Questo professionismo “parziale” (che interesserà solo la Serie A Femminile, lasciando le altre categorie praticamente intatte) avrà quindi un grandissimo impatto, sicuramente positivo per le calciatrici ma molto probabilmente negativo per le società. Da un lato non c’erano dubbi che questo passaggio dovesse essere fatto per tutelare le giocatrici (e a breve potrebbe seguire anche il basket femminile), ma dall’altro le società vedranno aumentare notevolmente i loro costi a fronte di un contributo molto parziale da parte della FIGC. Così si rischia che alcune società spariscano pur di non indebitarsi fino al collo oppure che vengano ceduti alcuni titoli sportivi per fare fronte a delle spese ingestibili per piccole realtà imprenditoriali (penso al Napoli non affiliato, al Pomigliano, al Tavagnacco, al Como, al Brescia, al Ravenna, tanto per fare alcuni nomi). Ad avviso di chi scrive, si doveva osare di più per garantire una transizione più “morbida” e lasciare che il sistema si assestasse maggiormente, senza questo scossone violento. Ma vedremo solo dopo un anno quali frutti porterà questo cambiamento.

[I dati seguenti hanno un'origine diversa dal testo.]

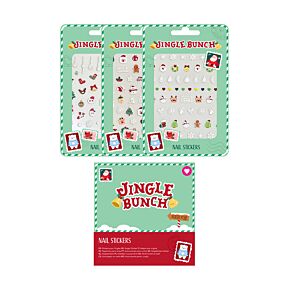 Autocollants pour les ongles effrayants - Jingle Bunch Noël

Concludiamo questo articolo con le voci delle protagoniste, quelle che per anni hanno lottato sul campo e non solo. Cominciamo da Carolina Morace: “Cosa cambia? Le tutele: in caso di maternità, ma anche di assistenza e previdenza. Io ho le ginocchia rovinate, avrei avuto diritto alla pensione dopo tanti anni di professionismo. E avrei avuto la pensione e sicuramente dei punti per l’invalidità“. Le fa eco la CT della Nazionale Milena Bertolini: “Sono emozionata, è stata una lotta lunga e dura. Raccogliamo i frutti di tanto lavoro. Si deve partire dal vertice per permettere al sistema di crescere in qualità e numeri, senza dimenticarsi di investire sulla base. È un pensiero circolare: dal passaggio al professionismo trarrà beneficio tutto il movimento“. Parla di processo di crescita il presidente della Divisione Calcio Femminile Ludovica Mantovani: “Abbiamo aggiunto un ulteriore tassello al nostro percorso di crescita, personalmente lo vivo come un punto di partenza, atteso e necessario, che ci spinge a lavorare con grandissimo impegno per raggiungere e garantire nel tempo la sostenibilità di tutto il nostro sistema”. Gioisce, non senza una vena di polemica, Betty Vignotto, storica Azzurra: “Benvenuto professionismo: ora vedremo di cosa si tratta. Ogni epoca dello sport ha i suoi riferimenti: io ho dato. Ma questo professionismo doveva arrivare prima, non nel 2022. E dove sono le donne in Figc? E nei posti di potere? Le calciatrici americane, che hanno vinto quattro Mondiali, hanno dovuto fare causa alla Federcalcio Usa per avere pari guadagni… A me sembra che di strada da fare ce ne sia ancora tanta“.